Last updated: 2026-07-10

Most people land on this topic from one of two directions. Either they watched a wrestler dominate a BJJ competition or MMA fight and want to know why, or they’re a grappler trying to fix their takedowns and heard “just learn to wrestle.” Both roads lead to the same problem: wrestling isn’t one sport with one rulebook. A high-school folkstyle wrestler, an Olympic freestyle wrestler, and a Greco-Roman specialist train under different rules and develop noticeably different skills.
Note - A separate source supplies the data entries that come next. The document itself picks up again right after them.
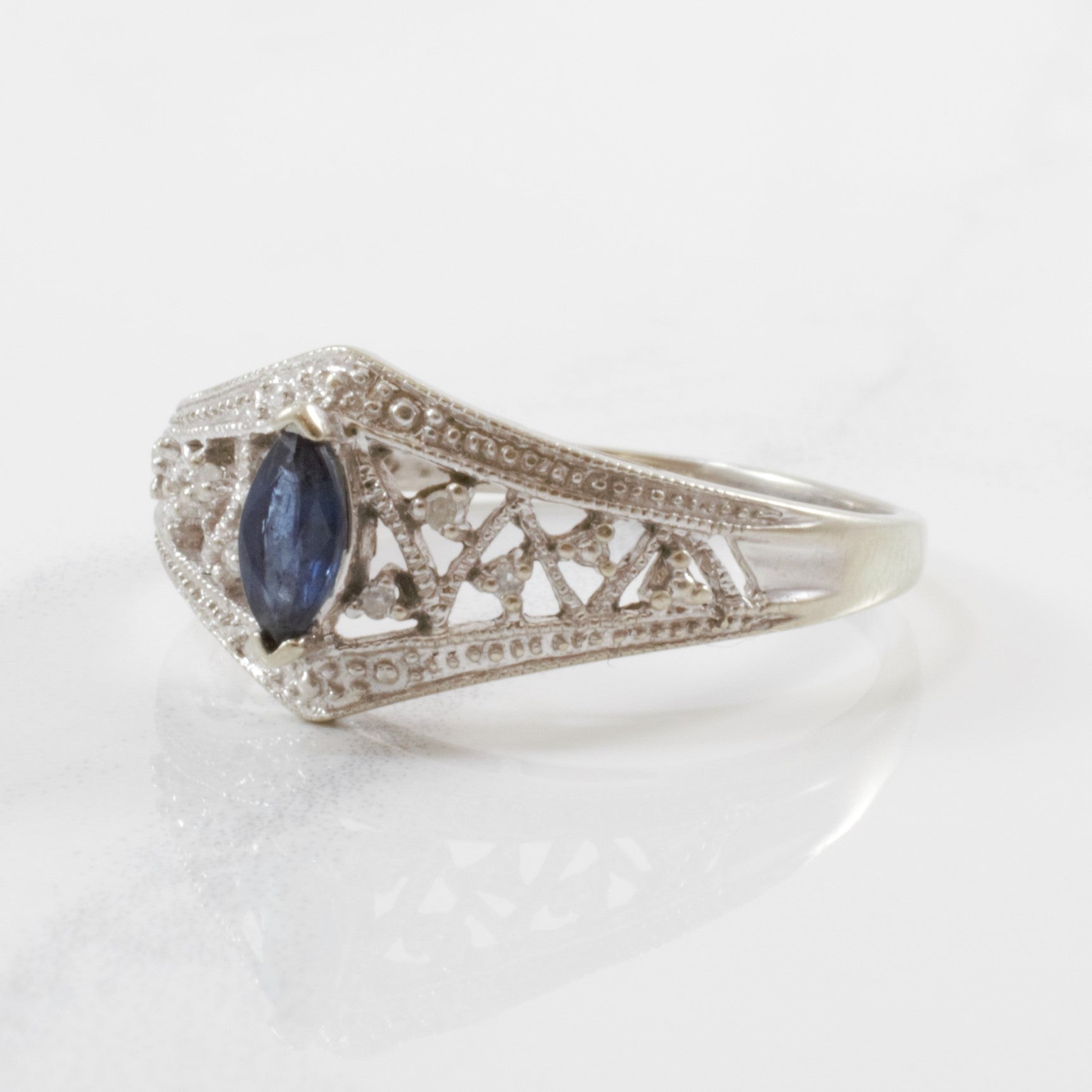 Filigree Chevron Sapphire & Diamond Ring | 0.02ctw, 0.25ct | SZ 9.75 |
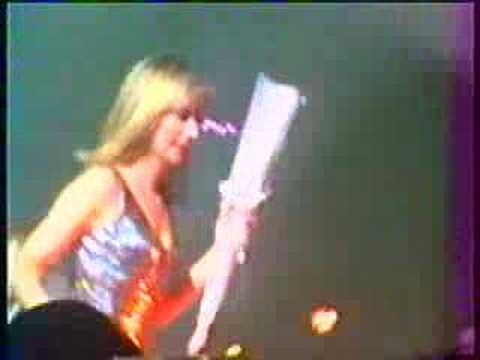 Watch Dorothée zenith 96 final on YouTube Watch Dorothée zenith 96 final on YouTube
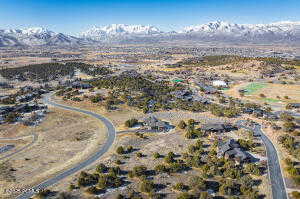 Drone / aerial view featuring a mountain view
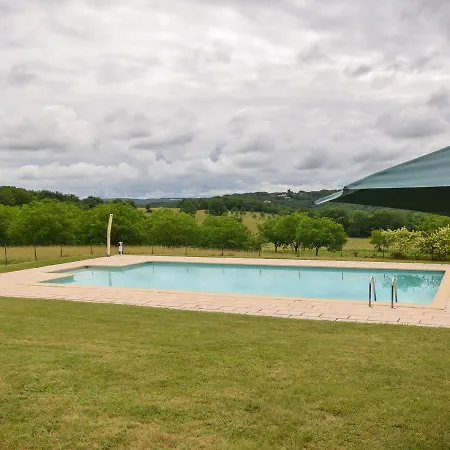 Spacious Mansion In Salvaic With Pool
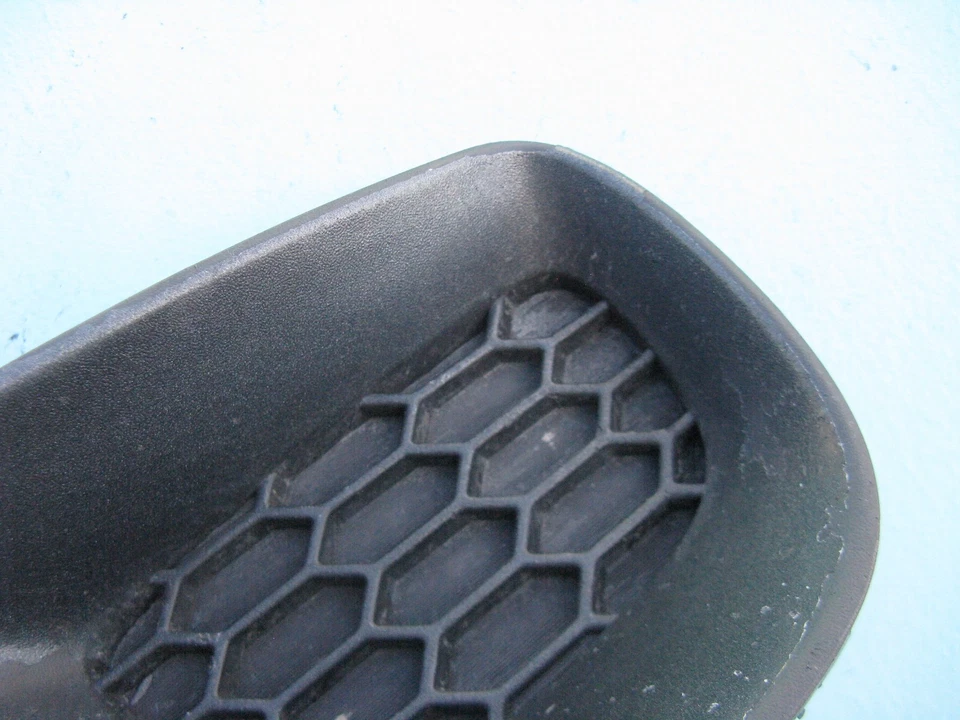 2006 06 SCION XA ПЕРЕДНИЙ БАМПЕР ЛЕВЫЙ ПРОТИВОТУМАННЫЙ ФОНАРЬ КРЫШКА НИЖНЯЯ РЕШЕТКА ОТДЕЛКА МОЛДИНГ #2 - Изображение 4 из 4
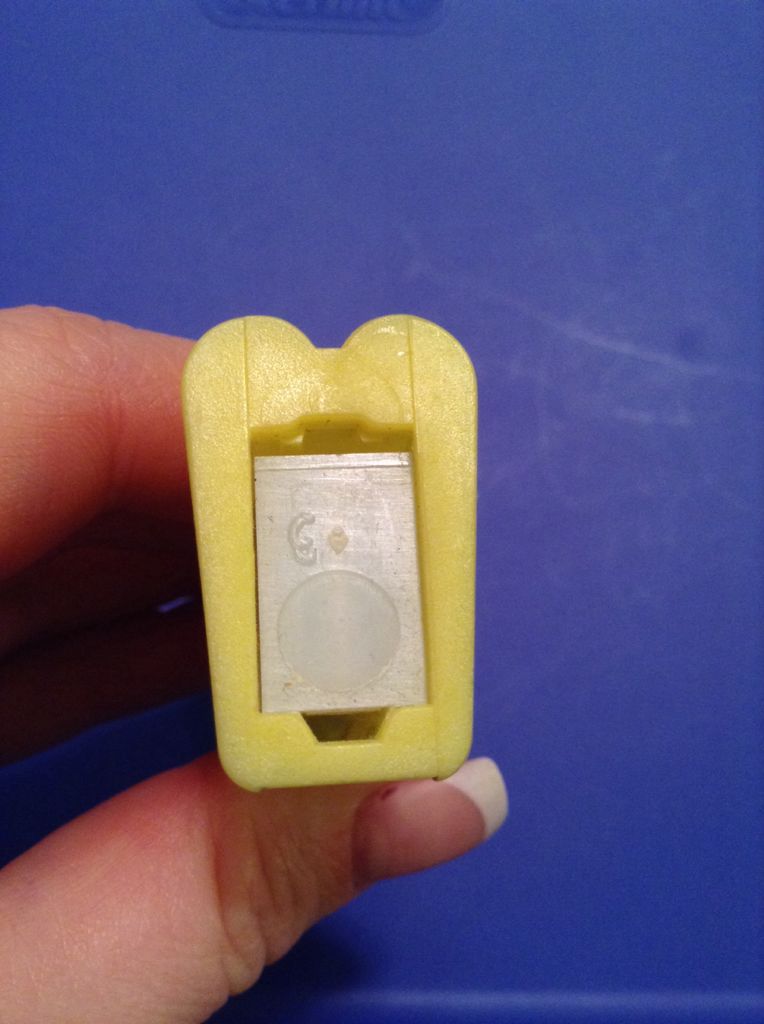 Muppets - Fozzie Bear A - Muppets pez collectible - Main Image 2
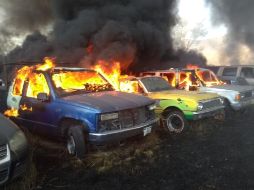 Las autoridades procedieron a los trabajos para sofocar el siniestro. ESPECIAL/ Bomberos de Jalisco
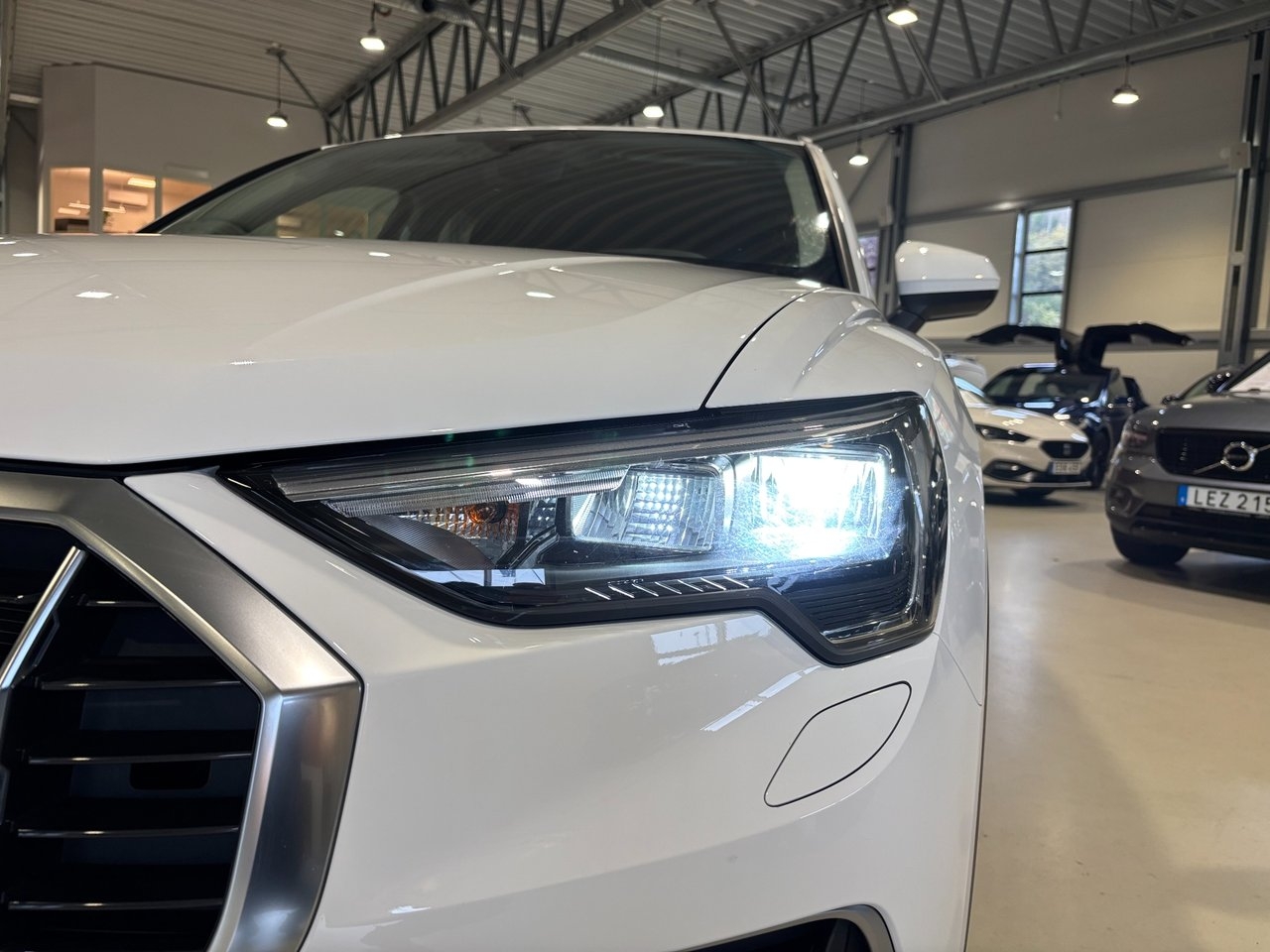 Audi Q3 35 TFSI Advanced Proline 2024, bild 9/10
The three main wrestling styles at a glance

Style Where you’ll see it Leg attacks How you win
Freestyle Olympics and international competition, governed by United World Wrestling Yes Pin, or points from takedowns and exposing the opponent’s back
Greco-Roman Olympics and international competition (men’s divisions) No — nothing below the waist Pin, or points from throws and upper-body control
Folkstyle (collegiate/scholastic) American high schools and NCAA college wrestling Yes Pin, or points that reward escapes, reversals, and riding control

What is wrestling?

Wrestling is one of the oldest recorded sports — it was contested at the ancient Olympic Games and appeared at the first modern Games in 1896. At its core, every style answers the same question: can you take another person down and control them against their will, using no strikes, no jacket grips, and no submissions?

That “no submissions” point surprises people coming from BJJ. A wrestling match never ends with a tap. It ends with a fall (both shoulders pinned to the mat), a points decision, or a lead so large the referee stops the match. Whether wrestling still counts as a martial art when it has no finishing holds is a fair question — we cover it properly in is wrestling a martial art?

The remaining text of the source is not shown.